Back then, future transit-oriented-development was being planned for the large parking lots, but it was not relied upon for the ridership numbers. The line was promised to be cost-effective as soon as it opened and not off in some vaguely promised era, twenty years in the future. That proved to be prudent, as transit-oriented-development has still not materialized. At Mondawmin, a brand new supermarket and Target big box store still totally turn their backs to the transit station. At State Center, a grandiose new plan is still on the drawing board, and activity on Howard Street has been in reverse mode for the past thirty years.

So the MTA promised 83,000 riders a day for its first eight-mile line in its first year, and another 16,000 riders upon completion of a short extension to Milford Mill and Old Court (for a total of about 100,000). But three decades later, the ridership currently still hovers around 47,000, even after the completion of additional extensions to Owings Mills and Hopkins Hospital, as well as a light rail system that it almost but not quite connects with.

Learning from the MTA’s Mistakes

The biggest mistake made by the MTA, then and now, is not planning transit lines that are integrated into the system as a whole.

The fatal flaw of the existing subway is that it has no feeder terminal on its east end. At its Hopkins Hospital terminus, a feeder hub was originally planned and was the basis of the justification for the ridership numbers that got federal approval, but then it was scrapped, and there has been virtually no coordination between the Metro and bus systems ever since. So the #5 bus line must chug along a parallel route to the Metro from Hopkins Hospital to Mondawmin along surface streets that can take up to 50 minutes — meanwhile the subway can do it in 12 minutes. Overall, the MTA’s rail system has taken very few buses off our surface streets.
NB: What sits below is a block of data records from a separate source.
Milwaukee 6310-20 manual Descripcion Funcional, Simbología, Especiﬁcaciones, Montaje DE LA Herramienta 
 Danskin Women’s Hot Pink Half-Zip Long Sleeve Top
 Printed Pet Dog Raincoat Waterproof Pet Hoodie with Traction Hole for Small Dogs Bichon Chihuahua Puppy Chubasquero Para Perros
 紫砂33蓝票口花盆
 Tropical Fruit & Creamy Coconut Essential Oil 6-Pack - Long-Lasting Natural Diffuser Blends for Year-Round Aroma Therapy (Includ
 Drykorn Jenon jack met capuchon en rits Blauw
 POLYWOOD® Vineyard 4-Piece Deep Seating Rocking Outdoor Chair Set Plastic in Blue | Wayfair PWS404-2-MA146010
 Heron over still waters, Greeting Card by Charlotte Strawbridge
So the MTA has largely given up on integration, in favor of promises of future development. They want to build a Red Line that hugs the waterfront and stays two blocks from the existing subway instead of tying the system together, and they want to rely on new possible transit-oriented-development in an area that is already close to its full auto-oriented build-out, instead of trying to fix their dysfunctional system to attract riders. Transit-oriented-development needs a true transit system.